Justin Murphy – A Estrutura Formal do Esquerdismo Paranoico

Como funciona a mente dos antifas? Por que eles são tão sectários? O que explica a sua tendência a inquisições internas permanentes que estão sempre desintegrando os seus grupos, bem como a sua maior propensão a atacarem outras organizações anti-imperialistas? Na tentativa de compreender esse comportamento patológico e paranoico traduzimos um texto que traduz em termos lógico-formais o comportamento típico dos antifas.

Pessoas que querem pensar, escrever ou agir fora do que é percebido como normal dentro de círculos de esquerda atualmente constituídos são agora comumente mencionadas como possíveis simpatizantes fascistas. Tipicamente, se você detalhar o que está sendo dito exatamente, elas não são acusadas de serem fascistas, eles são acusadas de não se diferenciarem de forma suficientemente clara do fascismo, em um grau que excede as expectativas atualmente estabelecidas de como o antifascismo é visto. Quando você esmiúça a questão, a raiz do problema (e às vezes reconhecidamente) é a reputação: “Eu sei que você não é um fascista, mas essas outras pessoas vão se perguntar, então eu devo repudiá-lo como inadequadamente antifascista”.
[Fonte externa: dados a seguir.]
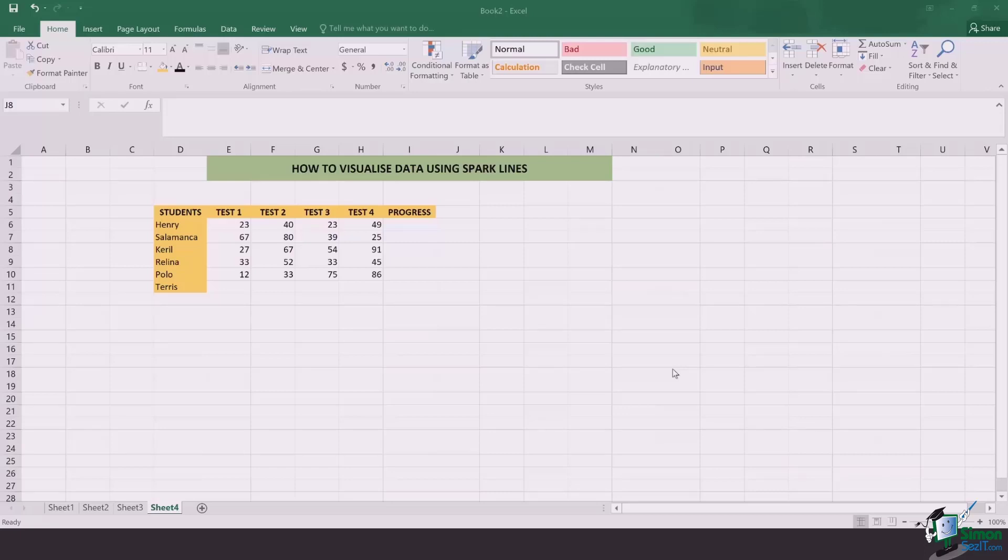Right in front of us, we have an example of four tests that were taken for a number of students. Now if I have to have a graphical representation of all this data, I can simply use Sparklines. So let's jump into how this can be done.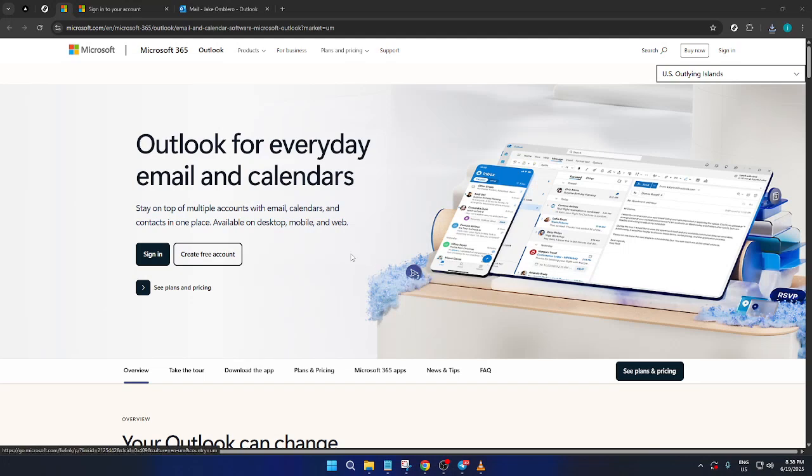In today's video, I'm going to teach you how to use Outlook Tasks. This feature in Microsoft Outlook helps you manage your to-do's efficiently. Whether you're planning your day or organizing a project, Outlook Tasks can really help streamline your workflow. Let's get started with the process.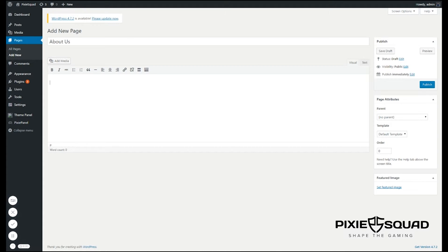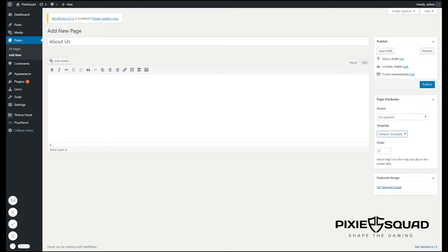If you want to create an About Us page you need to select the About page template. Let's select that. Great! After you have done this, you're done and you can click publish.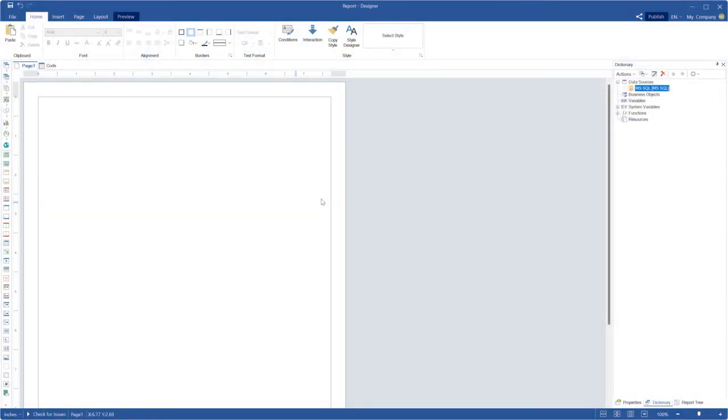Hello everyone, I'm Rodan from Stimulsoft. Today I'm going to show you how to use a stored procedure in reports.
O problema é que este modelo de mudança de cultura tem como premissa a aceitação e promoção voluntárias de juízos incorretos. A cultura contemporânea de esquerda tem como premissa a crença de que se pode mudar o mundo através de erros nobres. Mas, como regra geral, não se pode mudar o mundo para melhor concordando em cometer erros. Você ou não mudará nada porque está operando em uma terra de fantasia, ou tornará o mundo muito pior ao tentar deformá-lo à força em torno de seus erros. Não existe tal coisa como um erro nobre. Todo erro ou juízo equivocado que é tolerado ou promovido na cultura de esquerda como “solidariedade”, levará direta e comprovadamente a uma menor probabilidade de alcançar igualdade e liberdade.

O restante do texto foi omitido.